3D printing (or more specifically Fused Deposition Modeling) is an additive manufacturing process through which parts are created by slowly building up material, layer by layer, into a desired shape. There are multiple types of 3D printing currently in use, however FDM is the most common. A spool of plastic with a uniform, circular cross section called FILAMENT (we use E-Sun brand filament as shown here, but there are endless possibilities to choose from) is fed through a heated nozzle via what is appropriately named, an EXTRUDER. The molten plastic is then deposited onto the Build Platform in precise, uniform layers (usually between .1-.3mm) that are slowly built up to create a solid part.
A printed part begins its life as a 3D CAD model. Once a 3D model of the part has been created, it is saved as a STL (stereolithography) file and input into a slicing software. Think of the slicing software as a sort of electronic knife, which slices the model into extremely thin wafers from bottom to top. These wafers are what become the LAYERS of the print, which are built up one by one to produce the finished part. The thickness of these layers, as well as seemingly endless other settings, can be manipulated within the slicing software.

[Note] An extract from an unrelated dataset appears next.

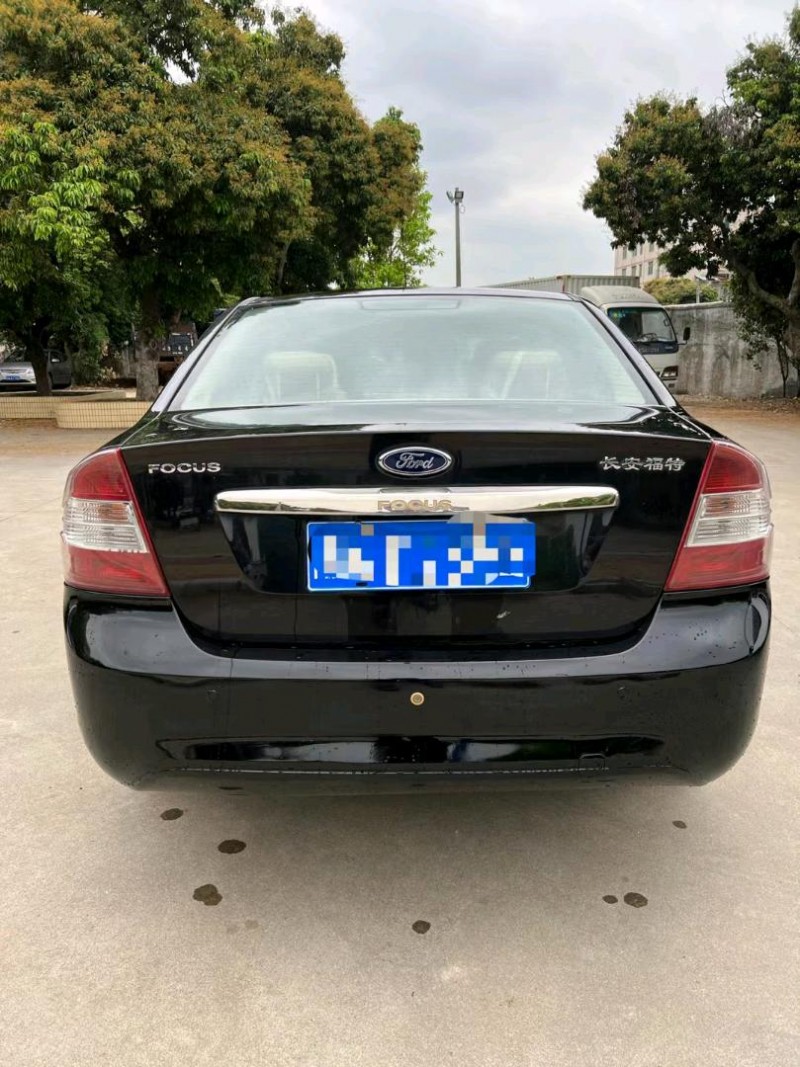 广州10年福特福克斯8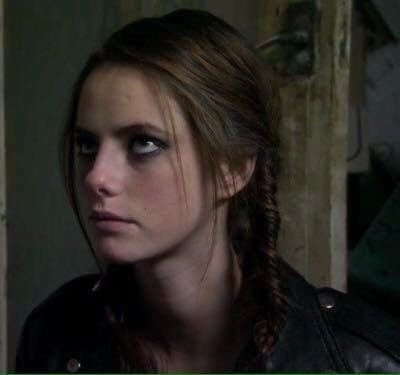 p4r4d1s3d4rk's profile picture. es una enorme bola de popo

One of the most important settings on a print (and one we feel is worthy of its own paragraph), is call INFILL. This is the setting that determines what percentage of the INTERIOR of a model will be solid. This is one of the biggest advantages in additive manufacturing, it allows for the creation of a semi-solid core that can be varied based on the intended use of the part. While something like a cable guide may need to be solid throughout (100% infill), if we were simply building a prototype part for test fitment purposes only it may be perfectly acceptable to have an infill of only 25% or lower. This simple change will substantially decrease print time, plastic usage, and still produce a part that is adequate in strength.
After a print has been sliced by the slicing software, it is saved as a G CODE file. G code is an accepted industry standard that drives everything from CNC machines to the printer that is making our parts. It is essentially a series of commands that instructs the printer on how much plastic to extrude, where on the Cartesian plane to move to, how fast to make each move, what temperature to heat the extruder to, etc. The G code file is uploaded to the printer, set to run, and like magic a part is formed!